Cephalosporin Resistance

Among critically important human antibiotics, the temporal association of ceftiofur use in food animals and the emergence of ceftriaxone resistance in both animals and humans has been an area of concern in the United States, the European Union, and elsewhere. In the United States, ceftriaxone resistance was not detected in Salmonella prior to the approval of ceftiofur (36) and rose following its approval for use in the United States in livestock and poultry (Fig. 3). From 1996 through 2009, the percentage of NTS human isolates resistant to ceftriaxone increased from 0.2% to 3.4% (41). These rising trends have caused several countries, including the United States, to limit certain uses of cephalosporins in animal agriculture, with positive effects. A well-known example occurred in Canada when voluntary restrictions on ceftiofur use were followed by a rapid and significant decline in ceftriaxone-resistant S. Heidelberg (and Escherichia coli) in chickens, retail chicken meats, and human clinical isolates (47). In the United States, the FDA announced plans in 2008 to restrict the use of some cephalosporins, which went into effect in 2012 (48). As of 2014, it appears that the restrictions may be producing the desired effect of reducing cephalosporin resistance in humans and select animal species. Ceftriaxone resistance has declined since 2009 in human (3.4% to 2.4%) and retail chicken (38% to 18%) Salmonella isolates (Fig. 3).

FIGURE 3.

Trends in third-generation cephalosporin resistance in Salmonella from the United States.
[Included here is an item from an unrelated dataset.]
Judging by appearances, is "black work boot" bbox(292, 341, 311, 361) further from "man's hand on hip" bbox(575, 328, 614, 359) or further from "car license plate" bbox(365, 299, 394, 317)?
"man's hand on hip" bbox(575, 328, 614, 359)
Changes in ceftriaxone resistance were most notable for S. Heidelberg, where resistance in human isolates declined to 8.5% in 2014, down from a peak of 24% in 2010 (27). Ceftriaxone resistance in retail chicken S. Heidelberg remained at 0% from 2011 to 2013 (down from a peak of 32% in 2009), but reappeared in 3/24 isolates in 2014. In retail ground turkey isolates in 2014, resistance continued to decline to 7% after peaking at 22% in 2011. In cattle Salmonella isolates in 2014, ceftriaxone resistance reached its lowest level (7.6%) since 1999 (31). Studies of diagnostic cattle isolates show varied results. While some studies show demonstrable decreases in cephalosporin resistance among dairy cattle since 2012 (46), others show continued increases (40) or even no resistance at all among healthy feedlot cattle (49). Many of these disparities are due to regionalization of serovar frequencies, as well as the types of samples analyzed (diseased versus healthy animals).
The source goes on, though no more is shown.